Tuesday, August 31, 2010

Graham Crackers


Fact: Bears love graham crackers. "Bears don't love graham crackers", you say, "They love honey. And wearing red shirts that barely cover their little bear bellies. And stealing picnic baskets." Be that as it may, bears also love graham crackers, and because I love bears, I love graham crackers. Could it be how perfectly crisp and crunchy they are? Or, their mild sweetness? Or, the fact that they are the bookends of a s'more? Maybe. Either way, I found this recipe a few months ago on Lottie + Doof (via Nancy Silverman) and made these for my mom's birthday with some salted caramel ice cream. They were so delicious i've made them a few times since, but i've yet had the time to photograph the process properly, so, I set aside this afternoon to capture graham cracker making in all it's glory. Unfortunately, even though I was anal enough to break out my ruler when cutting these guys out, somehow, I lost track of time when they were in the oven. Truth be told, I broke the cardinal rule of baking and walked out of the room in their last 7 minutes of baking.

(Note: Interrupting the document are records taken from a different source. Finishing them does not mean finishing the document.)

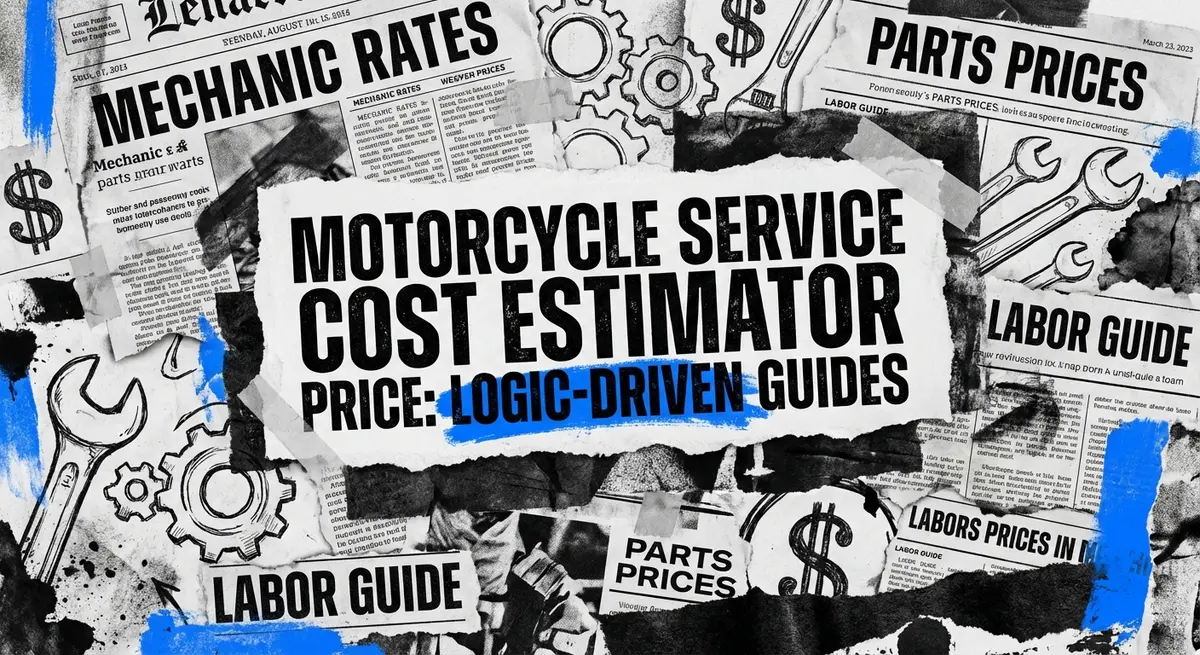 Motorcycle Service Cost Estimator Price conceptual collage with torn paper and blue accents
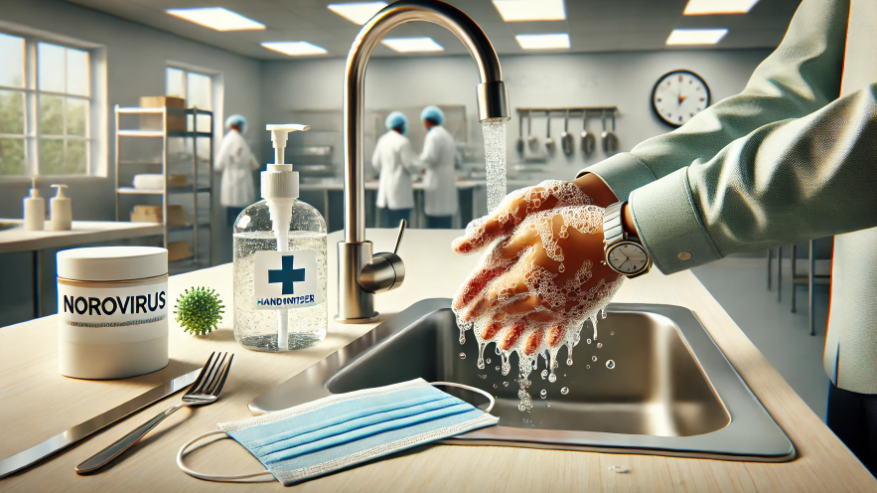 노로바이러스와 관련하여 손씻기를 알려주는 그림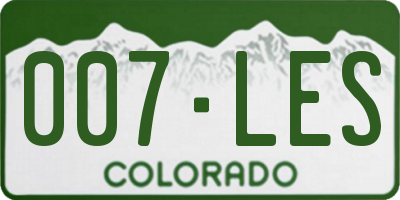 CO license plate 007LES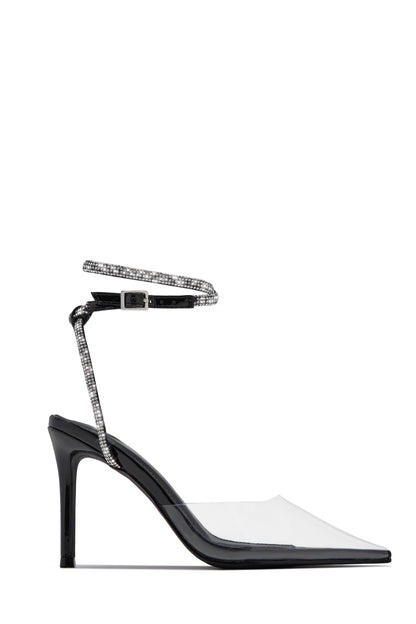 Special Guest Embellished Clear Heels - Black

You can't smell them burning if you aren't in the room. Don't cry little bear, there are still enough to share. Try the recipe at the bottom, this is one of the few recipes i'll guarantee 100% satisfaction from.

straight edge


Yum, extra crispy.


Graham Crackers

  • 2 1/2 cups plus 2 tablespoons unbleached pastry flour or unbleached all-purpose flour
  • 1 cup dark brown sugar, lightly packed
  • 1 teaspoon baking soda
  • 3/4 teaspoon kosher salt
  • 7 tablespoons (3 1/2 ounces) unsalted butter, cut into 1-inch cubes and frozen
  • 1/3 cup mild-flavored honey, such as clover
  • 5 tablespoons whole milk
  • 2 tablespoons pure vanilla extract

For Topping:

  • 3 tablespoons granulated sugar
  • 1 teaspoon ground cinnamon

In the bowl of a food processor fitted with the steel blade or in the bowl of an electric mixer fitted with the paddle attachment, combine the flour, brown sugar, baking soda, and salt. Pulse or mix on low to incorporate. Add the butter and pulse on and off on and off, or mix on low, until the mixture is the consistency of a coarse meal.

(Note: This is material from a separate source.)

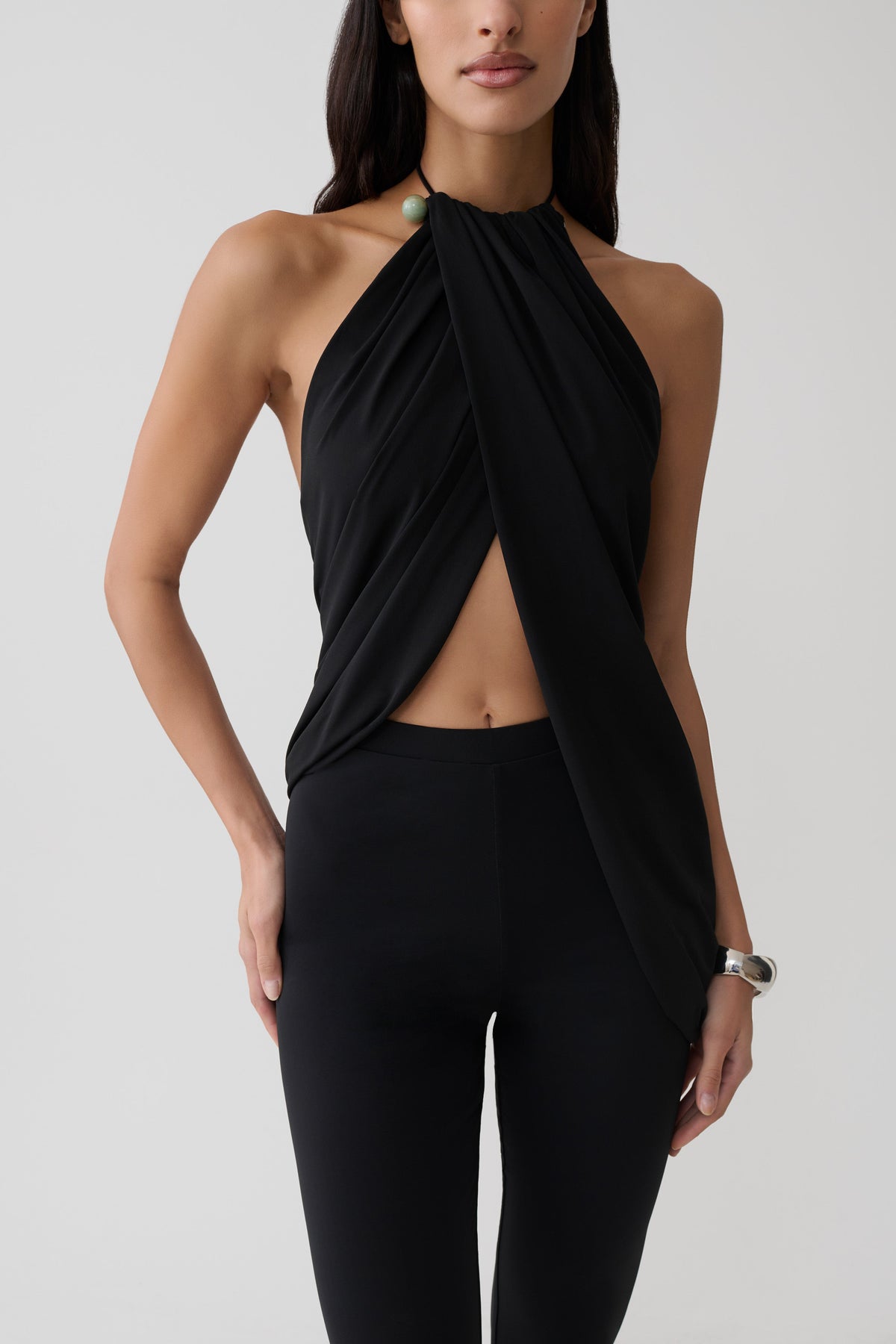 Top Drapeado Negro - Yina Studio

In a small bowl, whisk together the honey, milk, and vanilla extract. Add to the flour mixture and pulse on and off a few times or mix on low until the dough barely comes together. It will be very soft and sticky.

Turn the dough out onto a lightly floured work surface and pat the dough into a rectangle about 1 inch thick. Wrap in plastic and chill until firm, about 2 hours or overnight.

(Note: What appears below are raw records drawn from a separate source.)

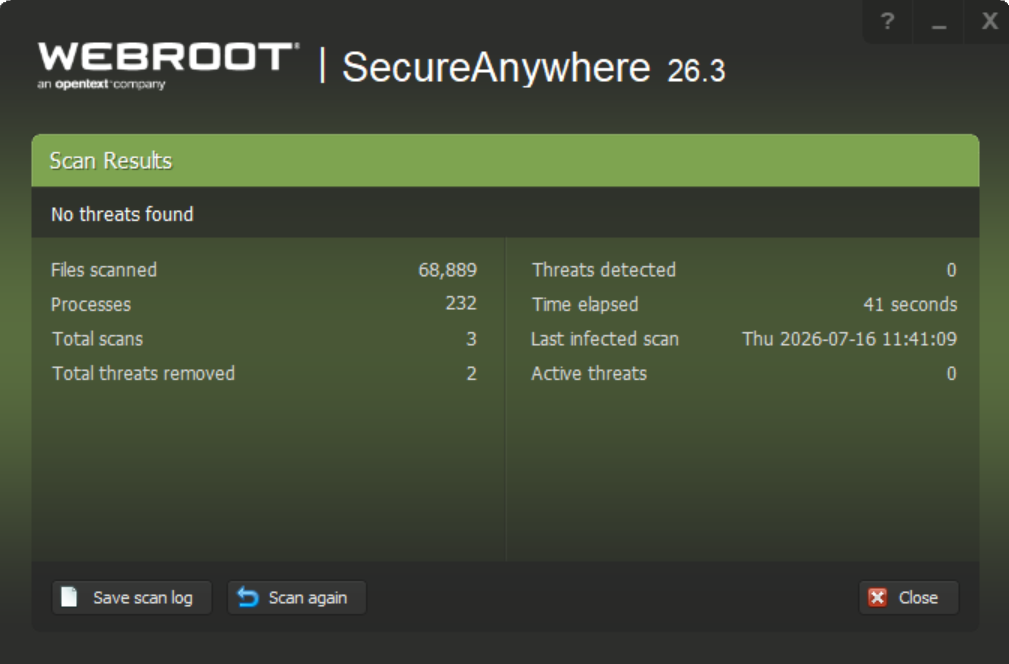 Webroot scan results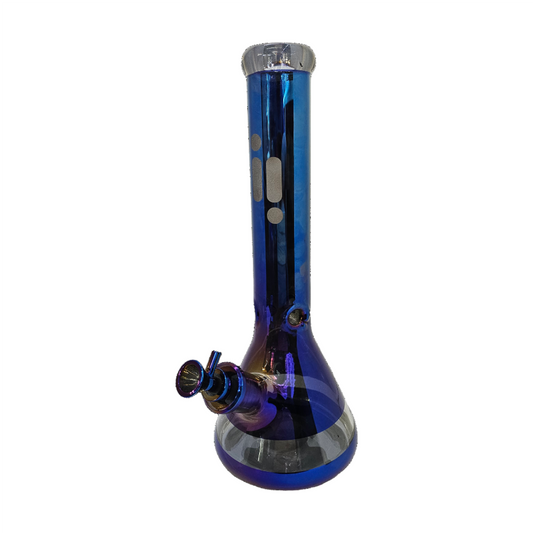 Blue Infyniti 14" 7mm Chrome Beaker Bong - Glass Bong - The Wee Smoke Shop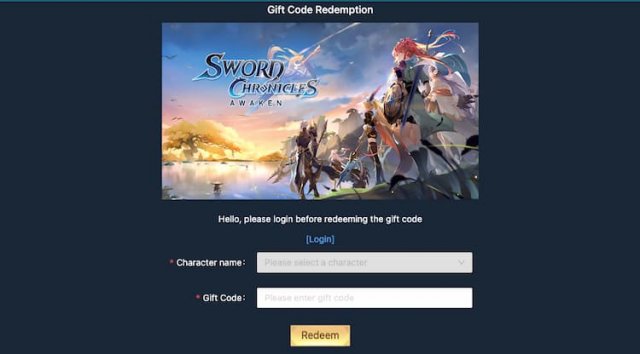 screenshot of Gift Code Redemption page code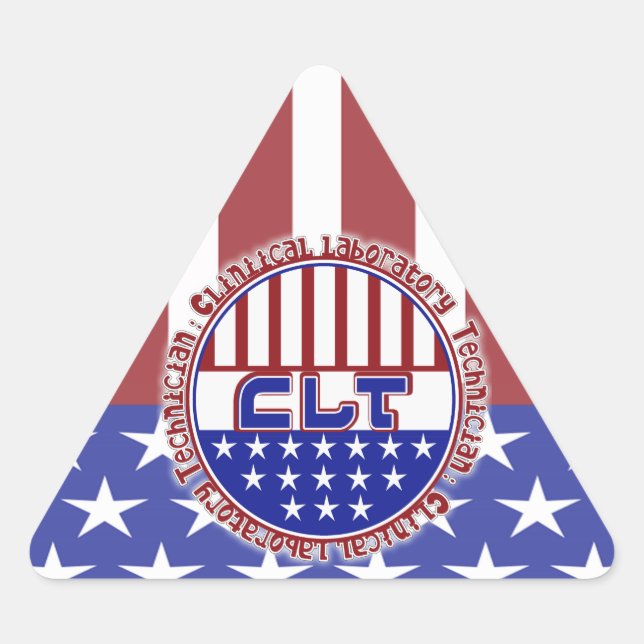 PATRIOTIC CLT CLINICAL LABORATORY TECH TRIANGLE STICKER (Front)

To prepare the topping: In a small bowl, combine the sugar and cinnamon, and set aside.

Divide the dough in half and return one half to the refrigerator. Sift an even layer of flour onto the work surface and roll the dough into a long rectangle about 1/8 inch thick. The dough will be sticky, so flour as necessary. Trim the edges of the rectangle to 4 inches wide. Working with the shorter side of the rectangle parallel to the work surface, cut the strip every 4 1/2 inches to make 4 crackers, or cut into whatever size/shape you prefer. Gather the scraps together and set aside. Place the crackers on one or two parchment-lined baking sheets and sprinkle with the topping. Chill until firm, about 30 to 45 minutes. Repeat with the second batch of dough.

Adjust the oven rack to the upper and lower positions and preheat the oven to 350° F.

Gather the scraps together into a ball, chill until firm, and re-roll. Dust the surface with more flour and roll out the dough to get two or three more crackers.

Mark a vertical line down the middle of each cracker, being careful not to cut through the dough. Using a wooden skewer, prick the dough to form two dotted rows about 1/2 inch for each side of the dividing line.

Bake for 20-25 minutes, until browned and slightly firm to the tough, rotating the sheets halfway through to ensure even baking.

**note: I've made this dough a week or so in advance and frozen it until I have the time to roll it out and slice it up and i've seen no adverse affects.